# From the bridge, to the bridge!



## 40907 (Sep 26, 2009)

This was told to me this morning by someone of my aquaintance. I've never posted on this forum but, since it came from the bridge.....


I was sitting on the bridge this morning watching the fishermen going about their business.The day was really quite beautiful and the coffee facilitated some deep thinking.
The Mate walked by and asked me what I was doing and I said “nothing”. The reason I said that instead of saying “Just thinking” is because he would have said “About what?”.
At that point I would have to explain that I was thinking about various topics which would have led to other questions.
Anyway, I digress...
Finally I thought about an age old question: Is giving birth more painful than getting kicked in the nuts?
Women always maintain that giving birth is way more painful than a guy getting kicked in the nuts.
Well, after another coffee, and some heavy deductive reasoning, I have come up with the answer to that question.
Getting kicked in the nuts is more painful than having a baby, and here is the reason for my conclusion....
A year or so after giving birth, a woman would often say, “It might be nice to have another child”.
On the other hand, you never hear a guy say, “You know, I think I would like another kick in the nuts”.
I rest my case……..
This coffee is really good!


----------



## Keltic Star (Jan 21, 2006)

Reef Knot said:


> This was told to me this morning by someone of my aquaintance.

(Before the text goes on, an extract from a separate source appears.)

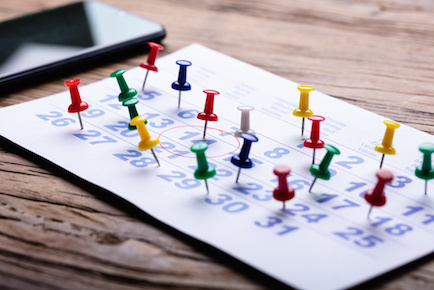 Calendar overcrowded with push pins for too many commitments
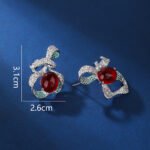 Wholesale red ribbon earrings with green zircons and 925 silver needles from JuneJewelry.com – unique bow-knot fashion jewelry for bulk buyers.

I've never posted on this forum but, since it came from the bridge.....
> 
> 
> I was sitting on the bridge this morning watching the fishermen going about their business.The day was really quite beautiful and the coffee facilitated some deep thinking.
> ...


(Applause)(Applause)(Applause)


----------



## Leratty (Jun 3, 2012)

Reef Knot, just superb keep up that thinking look forward to the next gem.


----------



## jamesgpobog (Feb 18, 2012)

That almost made me shoot soda out my nose...(Applause)


----------



## Dickyboy (May 18, 2009)

Having suffered severely from Renal Colic on a couple of occasions, and kicks in the nuts a few times as well, I know which I prefer. Besides, the Morphine is rather nice when it finally kicks in, but that is small reward for the pain.


----------



## 40907 (Sep 26, 2009)

Leratty said:


> Reef Knot, just superb keep up that thinking look forward to the next gem.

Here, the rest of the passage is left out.